Distinguished Visiting Professor in the Liberal Arts

In April of 2001 the University of Minnesota Foundation and Elizabeth S. Blake announced the establishment of a University of Minnesota Morris Distinguished Visiting Professorship in the Liberal Arts, to be awarded for the first time when sufficient funds became available. The Visiting Professorship is made possible by combining a future legacy gift with a Foundation “match” and with designated endowment income and contributions.

Dr. Blake, professor emeritus of French, served as vice chancellor for academic affairs and dean at UMN Morris from 1979 until 1995. According to the establishing agreement, the Visiting Professorship was created “to celebrate and strengthen the success of the University of Minnesota Morris as an undergraduate liberal arts campus and to contribute to its continuing quest for high distinction in baccalaureate education.”

The purposes of the Visiting Professorship are

  1. To underscore the commitment of the Morris campus of the University of Minnesota to a program of undergraduate liberal arts
  2. To enhance the already rich intellectual life of the campus
  3. To increase the national and international visibility of the UMN Morris baccalaureate program.

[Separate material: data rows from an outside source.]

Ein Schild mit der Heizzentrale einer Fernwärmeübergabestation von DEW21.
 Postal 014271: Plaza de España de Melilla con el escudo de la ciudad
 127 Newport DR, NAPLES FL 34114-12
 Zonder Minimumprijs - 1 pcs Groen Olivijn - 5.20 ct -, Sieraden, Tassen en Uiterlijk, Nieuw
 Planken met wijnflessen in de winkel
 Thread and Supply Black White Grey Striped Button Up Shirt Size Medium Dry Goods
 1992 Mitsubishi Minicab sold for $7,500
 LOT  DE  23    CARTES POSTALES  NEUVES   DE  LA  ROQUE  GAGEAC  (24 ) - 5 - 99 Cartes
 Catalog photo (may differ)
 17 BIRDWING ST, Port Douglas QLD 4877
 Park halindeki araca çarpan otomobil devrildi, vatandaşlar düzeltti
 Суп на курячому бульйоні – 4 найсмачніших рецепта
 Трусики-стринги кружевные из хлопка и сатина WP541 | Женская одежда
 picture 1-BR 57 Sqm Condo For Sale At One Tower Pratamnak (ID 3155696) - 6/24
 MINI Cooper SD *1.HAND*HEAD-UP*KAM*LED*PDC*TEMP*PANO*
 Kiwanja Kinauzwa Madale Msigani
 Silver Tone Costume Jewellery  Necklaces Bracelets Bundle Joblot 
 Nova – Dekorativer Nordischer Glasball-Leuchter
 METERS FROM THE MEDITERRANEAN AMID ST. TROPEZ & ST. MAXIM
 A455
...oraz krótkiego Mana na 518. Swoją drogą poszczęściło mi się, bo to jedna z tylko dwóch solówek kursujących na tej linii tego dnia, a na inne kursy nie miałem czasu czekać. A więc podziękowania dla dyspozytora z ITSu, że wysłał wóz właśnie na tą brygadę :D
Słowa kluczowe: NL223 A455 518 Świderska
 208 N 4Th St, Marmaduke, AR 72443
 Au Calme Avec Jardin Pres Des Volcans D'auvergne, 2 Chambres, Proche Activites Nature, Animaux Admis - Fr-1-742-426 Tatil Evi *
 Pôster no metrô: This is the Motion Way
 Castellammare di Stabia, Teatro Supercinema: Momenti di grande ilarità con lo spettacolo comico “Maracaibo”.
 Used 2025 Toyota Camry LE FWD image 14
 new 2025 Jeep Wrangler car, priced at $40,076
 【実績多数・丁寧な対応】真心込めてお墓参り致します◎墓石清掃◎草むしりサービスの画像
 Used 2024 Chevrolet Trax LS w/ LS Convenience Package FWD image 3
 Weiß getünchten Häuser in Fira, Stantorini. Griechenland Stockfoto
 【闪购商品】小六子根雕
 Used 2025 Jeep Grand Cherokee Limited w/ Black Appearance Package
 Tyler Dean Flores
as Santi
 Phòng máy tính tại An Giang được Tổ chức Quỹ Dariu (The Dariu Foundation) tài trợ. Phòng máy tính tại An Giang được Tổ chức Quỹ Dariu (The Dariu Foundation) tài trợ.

The establishing agreement further specifies as follows:

The Distinguished Visiting Professorship in the Liberal Arts is to be held on a short-term basis by a faculty member from outside the University of Minnesota, preferably from beyond the State of Minnesota, who is a recognized authority in a liberal arts field within the arts, humanities, mathematical sciences, natural sciences, education or social sciences. The frequency of awarding the professorship, its duration, and its perquisites, shall be determined—according in part to the funds available, both from the endowment and from other sources—by the chief academic officer of the Morris campus in consultation with the Chancellor. The Visiting Professorship shall be awarded in rotation to each of UMN Morris’s four academic divisions:

  1. Humanities
  2. Science and Mathematics
  3. Social Sciences
  4. Education

or, if the divisional structure no longer exists, to the various disciplines in turn in a manner to be determined by the chief academic officer. An appropriate committee of faculty, staff, and students, named by the chief academic officer at least two years prior to the beginning date of the professorship, shall recommend candidates for the professorship to be invited by the chief academic officer or the Chancellor on behalf of the campus.